Client library for use with Google Cloud Datastore from within the Google App Engine Python runtime.
https://cloud.google.com/appengine/docs/standard/python/ndb/
Apache License 2.0
114 stars 48 forks source link

How to run `OR` subqueries concurrently #297

Open leomao10 opened 5 years ago

leomao10 commented 5 years ago

In our project, we got query like this:

TagItem.query(TagItem.template == template.key, TagItem.owner_type == owner_type).filter(TagItem.owner_uid._IN(owner_uids))

And the performance become worse when we owner_uids become bigger, after some profiling, we found that it is because we make datastore query sequentially for each owner_uid.

Screen Shot 2019-06-26 at 12 56 12 pm

And from the ndb doc, we found that any of the IN operation would translate to OR https://cloud.google.com/appengine/docs/standard/python/ndb/queries#neq_and_in

And I found this code in the current code:

Run the subqueries sequentially; there is no order to keep.
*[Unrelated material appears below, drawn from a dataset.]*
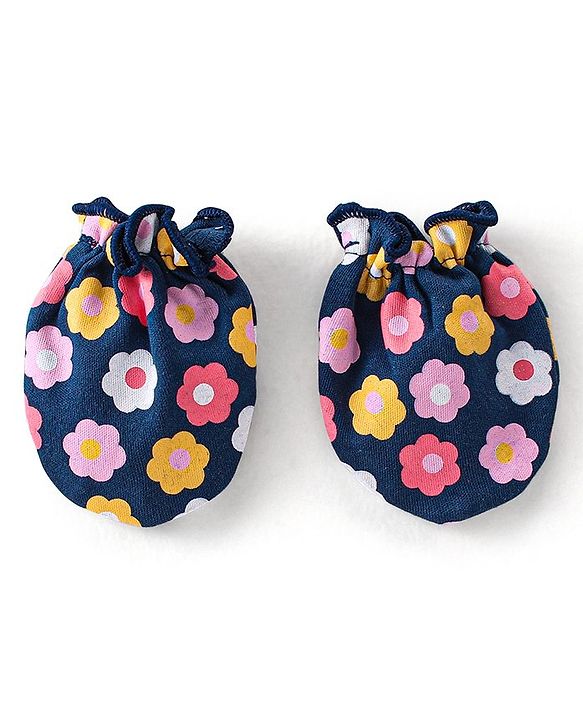 Babyhug 100% Cotton Knit Mittens and Booties With Floral Print - Navy Blue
https://github.com/GoogleCloudPlatform/datastore-ndb-python/blob/master/ndb/query.py#L1957

It doesn't seem to be the most efficient way to filter with IN operation. Wondering if there is a way to change it to make subqueries concurrently.

leomao10 commented 4 years ago

Sorry to ping you directly @wsh

But it seems this issue get ignored for a while.

Wondering if datastore-ndb-python still not supporting fetching data for or clause concurrently? Or there is a way for me to get around it?